SI SCOMMETTE SUL RIMBALZO – I fondi hedge stanno vivendo da oltre un anno un periodo difficile, con poche soddisfazioni e molti segni negativi che colpiscono anche i più illustri tra i “bei nomi” americani del comparto. L’ultima scommessa che rischia di andare di traverso a gestori e sottoscrittori sembra quella su un prossimo recupero delle quotazioni petrolifere. Secondo l’agenzia Bloomberg, infatti, nella settimana chiusa il 2 dicembre scorso le posizioni lunghe nette sul future sul Wti sono salite del 14% rispetto alla settimana precedente, segnando il massimo degli ultimi 20 mesi. Peccato che i prezzi del Wti, ma anche del Brent, non siano affatto risaliti, oscillando anzi stamane a 63,36 dollari al barile il primo e a 66,26 dollari al barile il secondo, una manciata di centesimi sopra i minimi a cinque anni fatti segnare ieri pomeriggio.
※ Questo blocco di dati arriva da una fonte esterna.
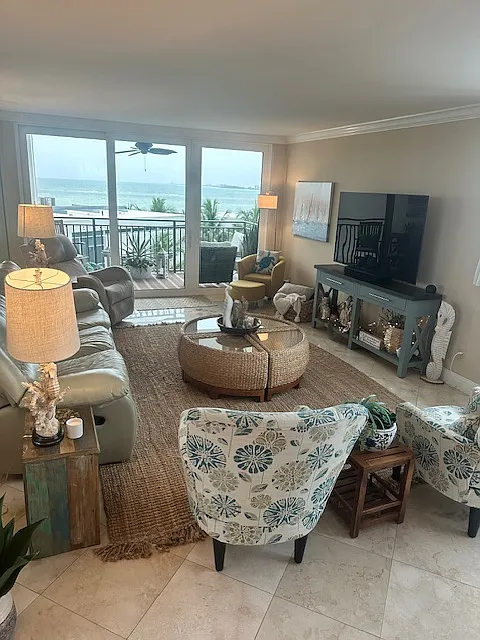 Living Room with sunset view - 4822 Ocean Blvd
PREZZI DEBOLI ALMENO PER ALTRI 6 MESI – Nel frattempo oltre alla Russia, messa in deciso affanno dal crollo dei prezzi ben al di sotto del punto di pareggio della maggior parte dei suoi giacimenti, anche molte major come Bp o Total stanno riconsiderando se chiudere gli impianti più vecchi (e spesso più costosi) e se rinviare nuovi progetti di esplorazione e ricerca, mentre un esperto come Nizar Al-Adsani, Ceo di Kuwait Petroleum Corporation, ha dichiarato che i prezzi del petrolio si manterranno attorno ai 65 dollari al barile almeno per un semestre, salvo che l’Opec non decida di tagliare la propria produzione o la crescita mondiale non dia segnali di decisa accelerazione.